Pendant ce temps, l’autre front de l’assaut se jouait à quelques kilomètres de là. Un commando restreint – estimé à une vingtaine d’hommes – a forcé l’entrée des studios de l’Office de Radiodiffusion et de Télévision du Bénin (ORTB), la chaîne nationale, dans le quartier Akpakpa. À 6 h 30 précises, huit officiers et sous-officiers, menés par le lieutenant-colonel Pascal Tigri – un vétéran de 48 ans connu pour ses critiques sur la gestion sécuritaire au nord du pays –, ont investi les studios et interrompu la programmation. Ils se sont autoproclamés « Comité Militaire pour la Refondation » (CMR).

Les griefs du CMR : sécurité, injustice et remise en cause des libertés
Dans une déclaration lue d’une voix ferme, Tigri a proclamé : « M. Patrice Talon est démis de ses fonctions de président de la République. » Les putschistes invoquaient une litanie de griefs : la « dégradation continue de la situation sécuritaire au nord du Bénin » face aux incursions jihadistes ; la « négligence envers les soldats tombés au front » ; des « promotions injustes » ; et une « remise en cause déguisée des libertés fondamentales ». Le communiqué annonçait également la suspension de la Constitution révisée en novembre 2025, la dissolution de toutes les institutions d’État et la fermeture des frontières, avant que l’écran ne passe au noir.
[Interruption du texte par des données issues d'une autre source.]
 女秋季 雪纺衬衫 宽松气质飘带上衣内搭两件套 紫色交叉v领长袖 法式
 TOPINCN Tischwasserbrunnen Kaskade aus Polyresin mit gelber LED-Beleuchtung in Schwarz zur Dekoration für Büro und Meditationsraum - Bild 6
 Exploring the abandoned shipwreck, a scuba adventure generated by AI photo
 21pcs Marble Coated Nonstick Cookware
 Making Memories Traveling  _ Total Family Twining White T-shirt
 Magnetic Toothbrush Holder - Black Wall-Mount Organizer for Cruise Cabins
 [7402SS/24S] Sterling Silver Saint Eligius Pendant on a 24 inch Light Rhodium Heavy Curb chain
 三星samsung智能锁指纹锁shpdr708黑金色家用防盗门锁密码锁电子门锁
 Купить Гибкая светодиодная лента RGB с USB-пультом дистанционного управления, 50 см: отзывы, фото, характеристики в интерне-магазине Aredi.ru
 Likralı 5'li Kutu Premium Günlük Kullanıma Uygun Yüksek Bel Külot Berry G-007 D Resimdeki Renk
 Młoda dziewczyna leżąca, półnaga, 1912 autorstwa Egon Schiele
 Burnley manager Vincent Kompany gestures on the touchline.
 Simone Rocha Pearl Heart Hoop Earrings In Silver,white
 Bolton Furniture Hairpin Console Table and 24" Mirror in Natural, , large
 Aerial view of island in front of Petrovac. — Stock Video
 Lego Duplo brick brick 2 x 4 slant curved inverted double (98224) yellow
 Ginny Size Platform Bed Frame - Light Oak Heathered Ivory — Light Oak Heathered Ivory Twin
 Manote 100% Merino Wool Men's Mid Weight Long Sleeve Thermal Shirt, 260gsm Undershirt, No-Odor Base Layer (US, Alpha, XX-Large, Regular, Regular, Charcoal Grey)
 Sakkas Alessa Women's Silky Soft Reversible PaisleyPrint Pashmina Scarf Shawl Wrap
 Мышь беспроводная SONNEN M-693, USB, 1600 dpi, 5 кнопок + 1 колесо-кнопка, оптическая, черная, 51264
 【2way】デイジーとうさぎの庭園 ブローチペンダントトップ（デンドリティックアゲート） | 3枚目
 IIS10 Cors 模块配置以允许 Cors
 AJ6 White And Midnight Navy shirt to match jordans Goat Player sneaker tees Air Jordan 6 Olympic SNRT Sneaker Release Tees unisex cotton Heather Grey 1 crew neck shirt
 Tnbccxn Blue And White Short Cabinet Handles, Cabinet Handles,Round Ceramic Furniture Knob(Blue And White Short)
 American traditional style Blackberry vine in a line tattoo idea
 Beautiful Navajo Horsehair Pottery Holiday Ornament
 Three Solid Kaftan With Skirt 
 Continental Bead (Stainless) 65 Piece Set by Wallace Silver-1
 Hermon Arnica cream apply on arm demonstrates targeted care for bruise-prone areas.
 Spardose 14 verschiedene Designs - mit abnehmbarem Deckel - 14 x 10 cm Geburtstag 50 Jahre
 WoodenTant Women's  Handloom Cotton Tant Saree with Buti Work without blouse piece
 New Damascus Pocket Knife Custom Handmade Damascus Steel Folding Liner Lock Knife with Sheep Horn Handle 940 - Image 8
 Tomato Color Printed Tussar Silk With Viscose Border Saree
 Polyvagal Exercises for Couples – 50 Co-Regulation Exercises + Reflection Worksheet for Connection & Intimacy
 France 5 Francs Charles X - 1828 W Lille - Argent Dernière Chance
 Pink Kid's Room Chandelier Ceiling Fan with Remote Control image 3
La riposte fulgurante : loyauté de l’armée et arrestations express
La réponse du pouvoir n’a pas tardé. Dès 8 h, des unités de la Garde républicaine – corps d’élite chargé de la protection du chef de l’État – ont lancé une contre-offensive coordonnée. Les loyalistes, mieux équipés et numériquement supérieurs, ont immédiatement concentré leurs efforts sur la capitale économique. Comme l’a souligné le ministre des Affaires étrangères, Olushegun Bakari, interrogé par des agences internationales : « Une grande partie de l’armée, la Garde nationale, est toujours loyale au président et contrôle la situation. »
Des unités de la Garde républicaine, commandées par le général de division Abou Issa, ont encerclé le bâtiment de l’ORTB dans le quartier Akpakpa. Bien que des échanges de tirs sporadiques aient été rapportés, l’opération a été rapide : en effet, à 8 h 45, la transmission des putschistes était coupée, après une occupation d’à peine plus de deux heures. Immédiatement, treize militaires ont été arrêtés sur place, dont plusieurs officiers subalternes. Par ailleurs, parmi eux, un sous-lieutenant déjà radié des effectifs pour indiscipline, selon une source proche du dossier. Toutefois, le lieutenant-colonel Tigri, figure centrale du complot, reste en fuite, traqué par les autorités qui ont lancé un mandat d’arrêt national et une récompense de 50 millions de FCFA.
Le Ministre de l’Intérieur officialise l’échec du putsch à 9 h 30.
À 9 h 30, le ministre de l’Intérieur, Alassane Seidou, prenait l’antenne pour officialiser l’échec du putsch. Il a déclaré, le ton martial mais rassurant, que le groupuscule n’avait pu prendre ni la résidence présidentielle ni les centres de commandement clés. Le président Talon, dont la sécurité avait été confirmée dès les premières heures, est rentré au palais sous escorte renforcée.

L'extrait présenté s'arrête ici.